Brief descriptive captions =

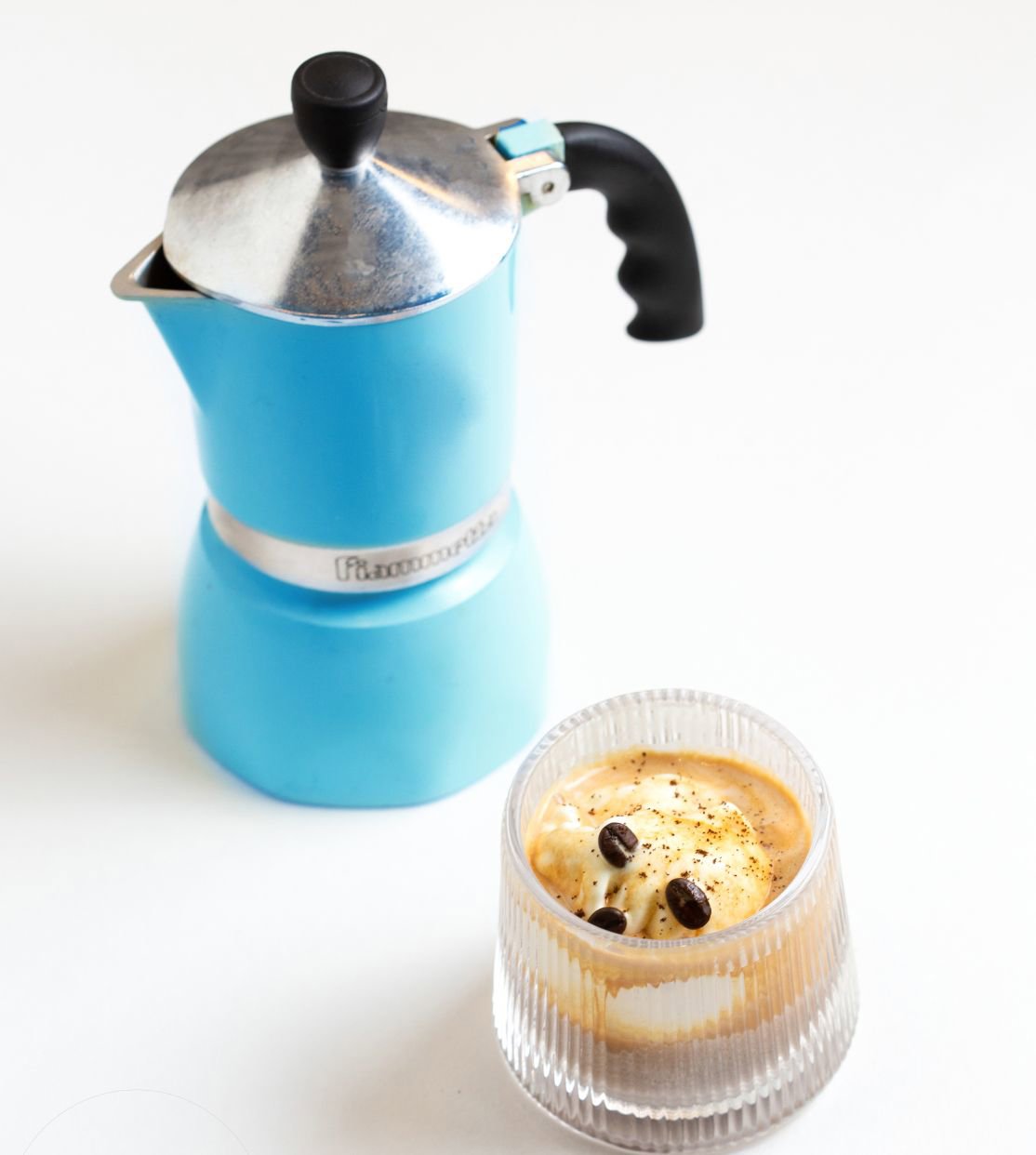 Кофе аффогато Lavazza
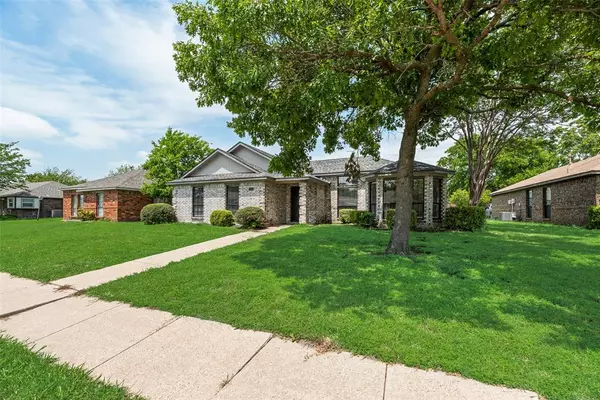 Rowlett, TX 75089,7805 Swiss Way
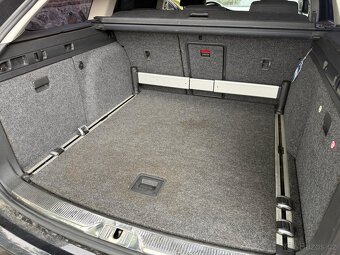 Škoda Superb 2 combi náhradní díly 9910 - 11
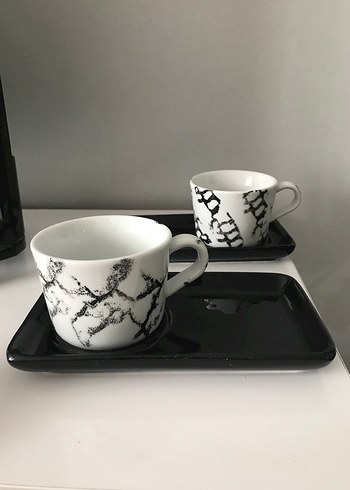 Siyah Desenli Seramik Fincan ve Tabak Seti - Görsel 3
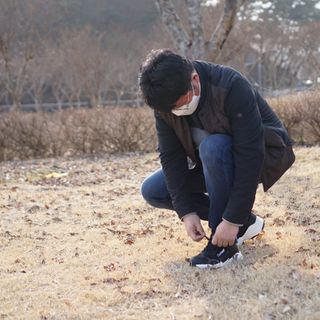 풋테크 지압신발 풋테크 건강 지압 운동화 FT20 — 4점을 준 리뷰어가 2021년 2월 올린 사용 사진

Work request =
Output all the entries above verbatim, please. No images.

Answer to the exercise =
 Кофе аффогато Lavazza
 Rowlett, TX 75089,7805 Swiss Way
 Škoda Superb 2 combi náhradní díly 9910 - 11
 Siyah Desenli Seramik Fincan ve Tabak Seti - Görsel 3
 풋테크 지압신발 풋테크 건강 지압 운동화 FT20 — 4점을 준 리뷰어가 2021년 2월 올린 사용 사진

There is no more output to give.